Helping little people adjust to big school
Helping little people adjust to big school
Starting ‘big’ school can be… well, ‘big’. It’s a huge deal for kids. There is a whole new environment to learn about and exist in. New buildings, new people, new routines, new schedules, new rules, and new expectations – not to mention the new clothes, new shoes, new bags, lunchboxes, drink bottles, and books. Not only is almost entirely everything new, but generally there is a lot more of everything.
A lot more people, a lot more rules, a lot more bells and other noises, a lot more focused school work, a lot more variety of experiences, a lot more food choices at the canteen and perhaps a lot more variety in the personalities and behaviours of the people around them than they’ve been used to.

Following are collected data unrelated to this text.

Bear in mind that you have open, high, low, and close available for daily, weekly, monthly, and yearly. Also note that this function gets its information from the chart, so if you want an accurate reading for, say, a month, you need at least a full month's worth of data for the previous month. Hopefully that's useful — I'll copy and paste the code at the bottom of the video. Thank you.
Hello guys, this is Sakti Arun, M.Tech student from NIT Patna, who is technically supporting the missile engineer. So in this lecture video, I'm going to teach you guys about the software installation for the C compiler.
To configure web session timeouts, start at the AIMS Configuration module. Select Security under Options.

On top of having ‘more’ of everything and everything being ‘new’, everything is ‘bigger’. We can run through the same list – bigger buildings, bigger people, bigger clothes, bigger drink bottles, and in some cases bigger surrounding personalities and behaviours. And of course a special mention needs to be made of the school bags. Often the school bags look at least three sizes too big for the little bodies carrying them on their backs!

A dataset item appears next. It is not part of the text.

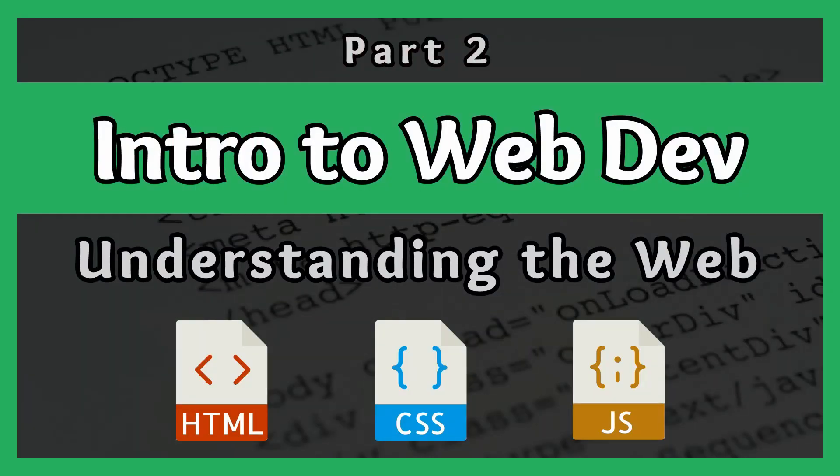This concludes the basics of how the web works. You should now understand how HTML, CSS, and JavaScript work together to render web pages, and how web browsers and servers communicate.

One of the main things young school age kids need, is for us to remember that they will be coming across issues and situations they most likely won’t have come across in their little lives so far. Another main need they have, is a ‘skill set’ to deal with them. And along with their drink bottle, jumper and spare undies, their school bag can carry these skills to school everyday.

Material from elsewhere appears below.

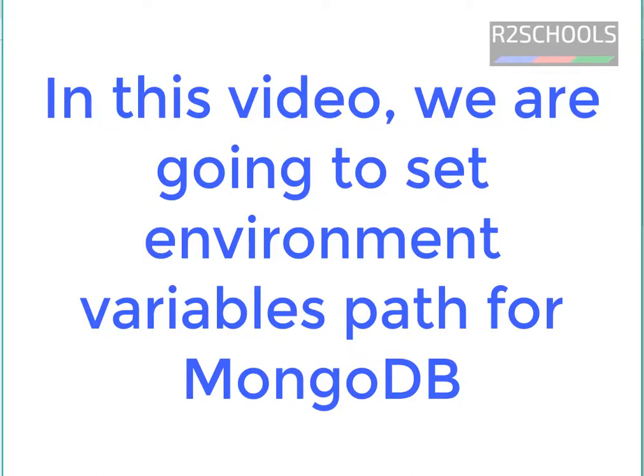In this video, we are going to set up environment variables path for MongoDB.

While the issues and situations they will come across can be many, varied and dependent on many factors, the skills they will need to deal with them can fall into a few categories.
– Resilience is a big one. This refers to their ability to soldier on despite receiving a few knocks.
– Communication. This term covers quite a range of skills, but generally having a willingness to talk to and listen to people will be helpful, as will a willingness to talk about anything that might be troubling them at times.
– Developing over time some ways to identify their feelings and communicate about them will be useful.
– Dealing with conflict will come in handy.
– Social skills to mix socially and make friends will be helpful.
– Flexibility and Cooperation will help them to cope with all the change they come across when starting school, as well as with adjusting to new rules, schedules and routines.
Who teaches them these skills? Well their teachers certainly contribute significantly, but largely we – their parents and caregivers – teach them these things through our relationship with them.
More specifically we teach them through how we choose to interact with them, and How we choose to deal with the school issues and situations. In my book Best Start I outline how we, through our relationship with our children can help them to develop solid emotional foundations. The work continues with the age group that is the focus of this book, because now the emotional foundations are going to school. The approach is the same, the principles are still very much relevant, but just applied to school age and accompanying developmental levels and issues that can come up at school.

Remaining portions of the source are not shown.